--- Work to be completed ---
The data below holds the lines to copy: everything from the line containing "今日ね、電話がかかってきてね…　猫の写真で４コマ漫画　４コマ目ッ" to the line containing "Canna Little Princess", both ends included, set down exactly.

* * * *

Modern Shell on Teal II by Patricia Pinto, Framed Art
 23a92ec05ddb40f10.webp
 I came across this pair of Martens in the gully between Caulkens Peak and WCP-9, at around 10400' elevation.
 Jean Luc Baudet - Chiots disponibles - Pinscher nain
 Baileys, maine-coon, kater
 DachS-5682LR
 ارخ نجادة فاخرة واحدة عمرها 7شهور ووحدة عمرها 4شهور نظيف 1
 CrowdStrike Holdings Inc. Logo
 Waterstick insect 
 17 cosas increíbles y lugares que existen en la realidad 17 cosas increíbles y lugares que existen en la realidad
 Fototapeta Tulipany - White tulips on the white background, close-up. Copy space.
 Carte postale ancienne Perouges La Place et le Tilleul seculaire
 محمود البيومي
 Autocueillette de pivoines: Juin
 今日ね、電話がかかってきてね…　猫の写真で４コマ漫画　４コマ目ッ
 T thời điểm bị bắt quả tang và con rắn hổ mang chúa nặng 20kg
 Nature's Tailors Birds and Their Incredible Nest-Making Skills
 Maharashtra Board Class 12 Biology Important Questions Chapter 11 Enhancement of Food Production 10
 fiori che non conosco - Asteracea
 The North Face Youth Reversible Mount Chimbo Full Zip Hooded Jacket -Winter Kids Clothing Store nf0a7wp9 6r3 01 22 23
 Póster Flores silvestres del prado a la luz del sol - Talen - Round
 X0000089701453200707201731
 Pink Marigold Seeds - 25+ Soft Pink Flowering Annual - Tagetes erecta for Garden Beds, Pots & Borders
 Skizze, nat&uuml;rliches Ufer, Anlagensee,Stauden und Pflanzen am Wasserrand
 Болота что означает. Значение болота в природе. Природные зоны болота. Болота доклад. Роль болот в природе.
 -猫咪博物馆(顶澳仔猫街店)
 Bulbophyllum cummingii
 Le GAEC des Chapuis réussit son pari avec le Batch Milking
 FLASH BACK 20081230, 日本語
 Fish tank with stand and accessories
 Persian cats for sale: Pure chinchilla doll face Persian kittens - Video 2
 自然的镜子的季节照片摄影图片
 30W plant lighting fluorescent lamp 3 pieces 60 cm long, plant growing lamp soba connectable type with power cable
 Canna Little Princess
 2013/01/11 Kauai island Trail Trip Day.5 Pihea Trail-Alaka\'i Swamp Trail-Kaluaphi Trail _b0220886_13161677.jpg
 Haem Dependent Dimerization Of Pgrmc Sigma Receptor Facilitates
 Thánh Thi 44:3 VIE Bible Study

* * * *

--- Answer to the exercise ---
 今日ね、電話がかかってきてね…　猫の写真で４コマ漫画　４コマ目ッ
 T thời điểm bị bắt quả tang và con rắn hổ mang chúa nặng 20kg
 Nature's Tailors Birds and Their Incredible Nest-Making Skills
 Maharashtra Board Class 12 Biology Important Questions Chapter 11 Enhancement of Food Production 10
 fiori che non conosco - Asteracea
 The North Face Youth Reversible Mount Chimbo Full Zip Hooded Jacket -Winter Kids Clothing Store nf0a7wp9 6r3 01 22 23
 Póster Flores silvestres del prado a la luz del sol - Talen - Round
 X0000089701453200707201731
 Pink Marigold Seeds - 25+ Soft Pink Flowering Annual - Tagetes erecta for Garden Beds, Pots & Borders
 Skizze, nat&uuml;rliches Ufer, Anlagensee,Stauden und Pflanzen am Wasserrand
 Болота что означает. Значение болота в природе. Природные зоны болота. Болота доклад. Роль болот в природе.
 -猫咪博物馆(顶澳仔猫街店)
 Bulbophyllum cummingii
 Le GAEC des Chapuis réussit son pari avec le Batch Milking
 FLASH BACK 20081230, 日本語
 Fish tank with stand and accessories
 Persian cats for sale: Pure chinchilla doll face Persian kittens - Video 2
 自然的镜子的季节照片摄影图片
 30W plant lighting fluorescent lamp 3 pieces 60 cm long, plant growing lamp soba connectable type with power cable
 Canna Little Princess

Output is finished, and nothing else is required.